開発責任者である第一カーラインチーフエンジニアの沼澤正司は「“遊び”をコンセプトにしてますが、高い燃費性能は必須。エネチャージという革新技術があることは、スズキの強みです」と話す。ハスラーの燃費は29.2キロ。沼澤は車体設計出身で、開発責任者として初めて手掛けたのがハスラーだった。開発期間はほぼ2年。「燃費を向上させるための空力特性と、高い自由度のデザインとのバランスをどうとるのかで苦労しました。ブレたら失敗すると自分に言い聞かせてました」と沼澤。木訥とした人柄に、雪国の山形県人らしい芯の強さが滲む。
もっとも、本田の指示でデザインを最初の頃のものに戻す一幕もあったようだ。燃費を優先するあまり、個性が喪失されると車の価値もなくなってしまう。「車にも立ち居振る舞いを伴う表情がありますから」(本田)。
「言い訳はするな!」ホンダの鬼リーダー
ホンダN-WGNの開発責任者、人見康平は厳しいリーダーだ。
「ミライースと同じ燃費性能にするんだ」
「無理ですよ。ボディーサイズが違いますから……」
「言い訳はするな。僕をお客様の代表だと思って、創意工夫せよ。
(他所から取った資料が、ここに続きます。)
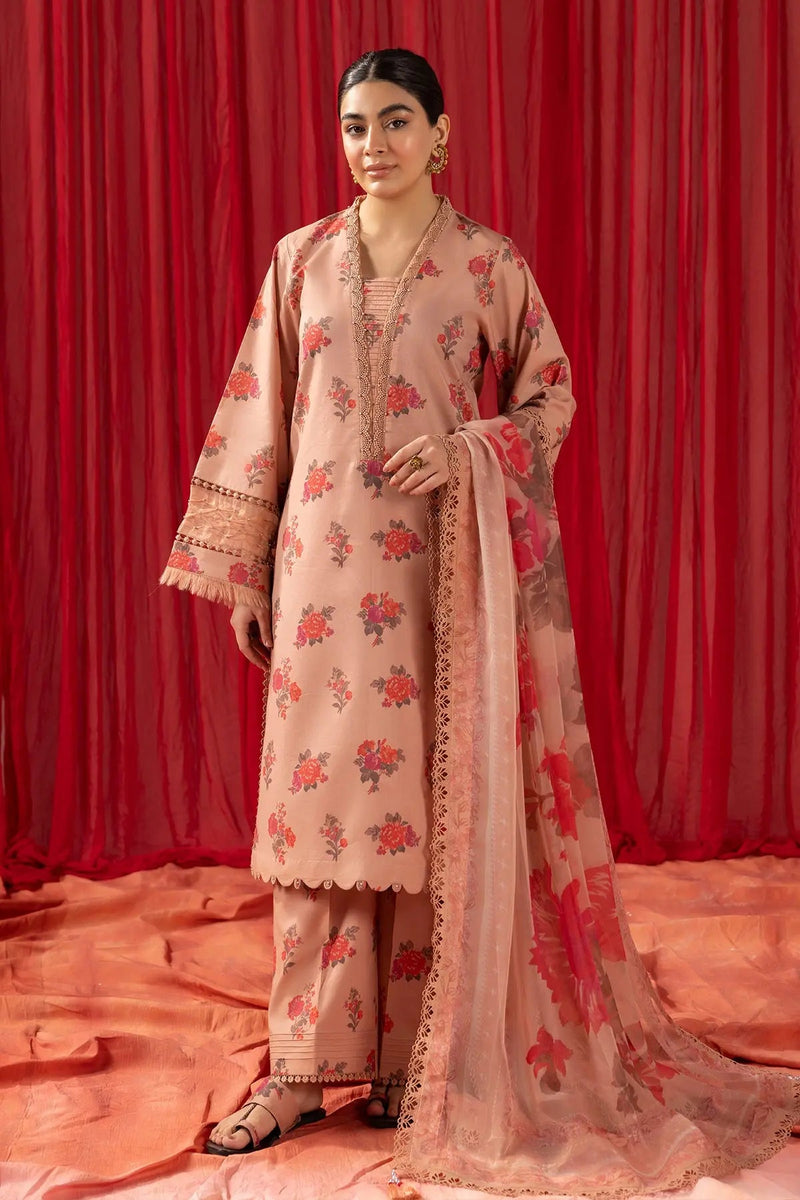 AF-PL-6003-Coral Peach PRINTED LAWN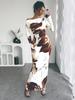 2026 One-Shoulder White Floral Slim-Fit Maxi Dress for Women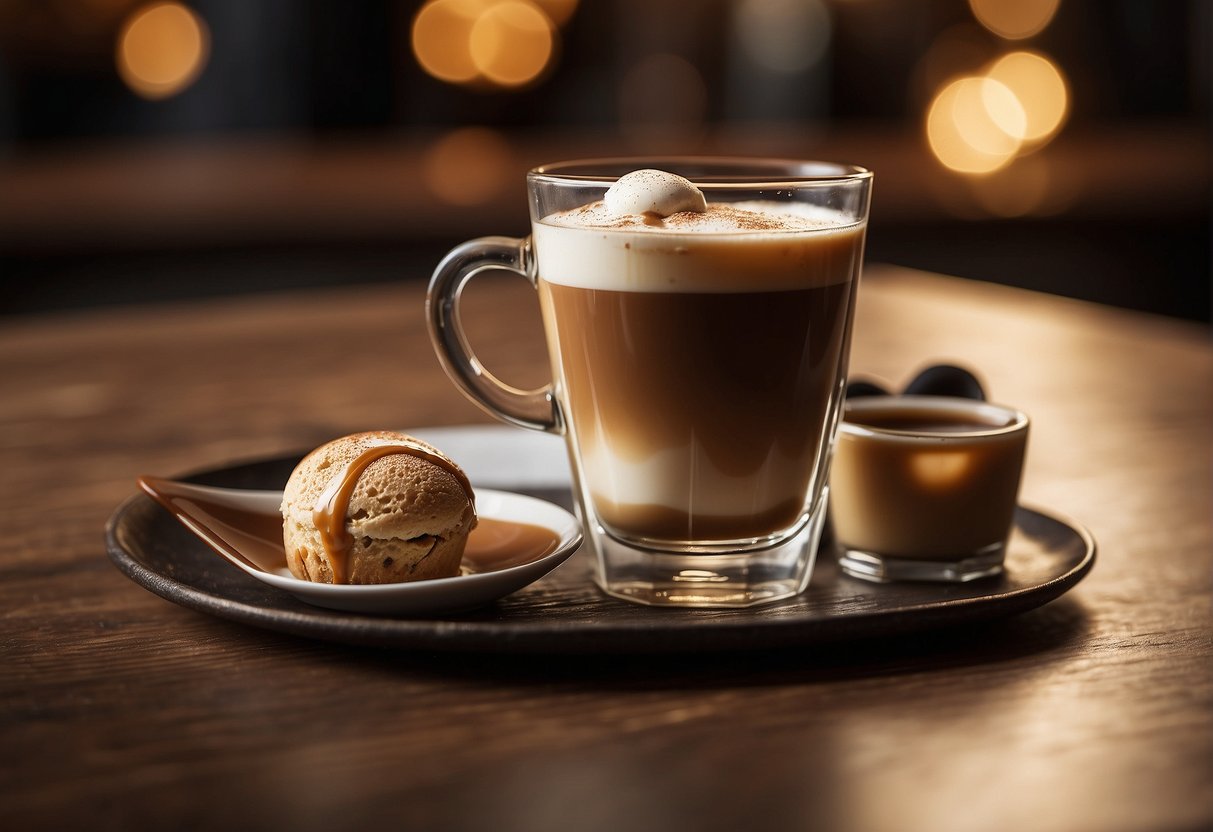 A clear glass holds an affogato shot next to a small cup with an espresso shot, both sitting on a wooden table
超えなければならないんだよ」
ほぼ2年間の開発期間中、人見はメンバーに厳しく接し続けた。それは、ワゴンRとムーヴという軽自動車の2大ブランドと競わなければならないという理由だけでもないようだ。
84年に入社し、ドアや外装をはじめとするボディー設計を長く歩んできた人見は、先輩や上司とのやり取りで、いくつもの忘れられないシーンを持っていた。